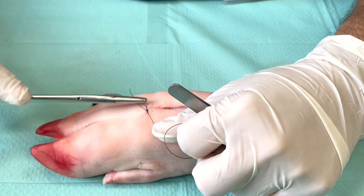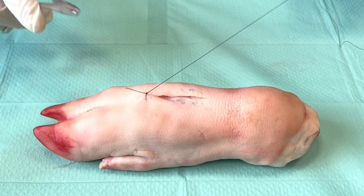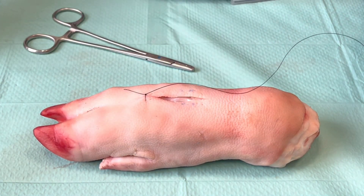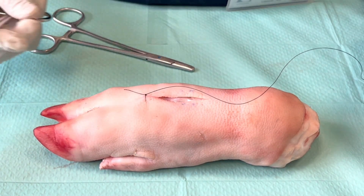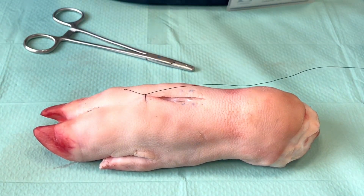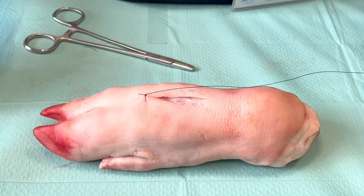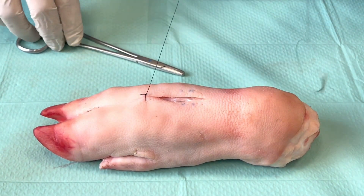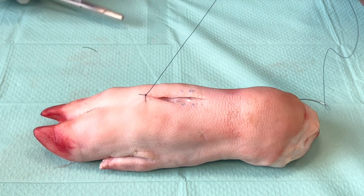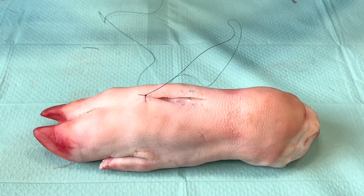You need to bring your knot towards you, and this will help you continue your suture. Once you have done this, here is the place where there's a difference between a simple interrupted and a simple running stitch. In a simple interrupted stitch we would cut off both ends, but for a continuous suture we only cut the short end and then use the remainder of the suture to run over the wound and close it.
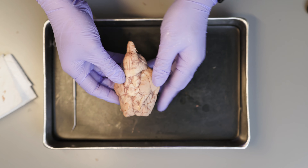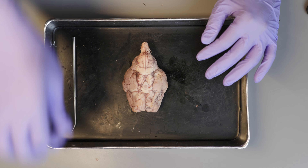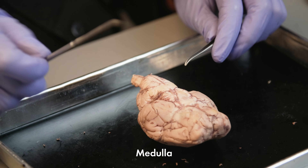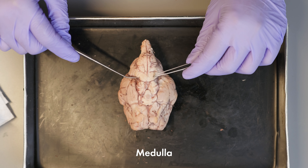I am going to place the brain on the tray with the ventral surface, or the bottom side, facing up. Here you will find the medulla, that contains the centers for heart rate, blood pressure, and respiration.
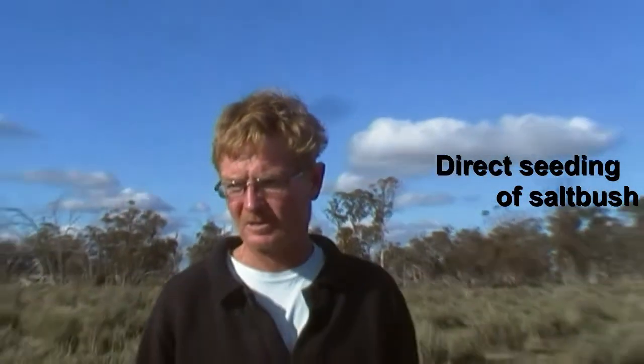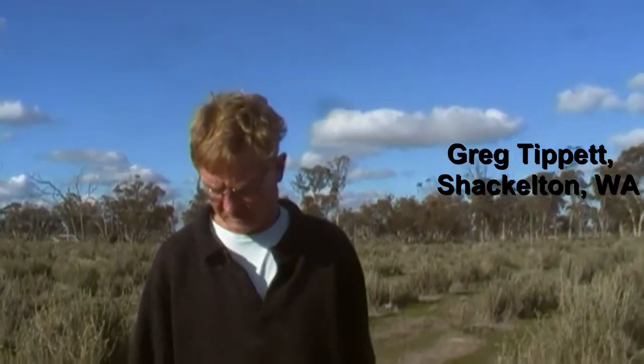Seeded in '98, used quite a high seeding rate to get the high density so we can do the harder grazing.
════════════════════
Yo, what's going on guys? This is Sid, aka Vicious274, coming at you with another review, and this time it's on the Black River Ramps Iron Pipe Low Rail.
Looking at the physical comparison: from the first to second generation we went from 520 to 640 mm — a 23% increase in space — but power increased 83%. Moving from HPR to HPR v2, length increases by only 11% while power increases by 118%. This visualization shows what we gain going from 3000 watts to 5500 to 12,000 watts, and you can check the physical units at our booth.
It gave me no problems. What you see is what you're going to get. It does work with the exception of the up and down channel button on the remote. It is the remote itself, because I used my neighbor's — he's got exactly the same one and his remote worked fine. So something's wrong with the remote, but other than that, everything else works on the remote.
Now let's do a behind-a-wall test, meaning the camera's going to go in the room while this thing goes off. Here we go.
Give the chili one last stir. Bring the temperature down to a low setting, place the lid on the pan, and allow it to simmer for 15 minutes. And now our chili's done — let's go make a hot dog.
════════════════════
» **THE TASK**:
When you reach the line in the material above that holds "Now let's do", begin reproducing lines exactly, and stop after the line that holds "Give the chili".

» **EXERCISE OUTPUT**:
Now let's do a behind-a-wall test, meaning the camera's going to go in the room while this thing goes off. Here we go.
Give the chili one last stir. Bring the temperature down to a low setting, place the lid on the pan, and allow it to simmer for 15 minutes. And now our chili's done — let's go make a hot dog.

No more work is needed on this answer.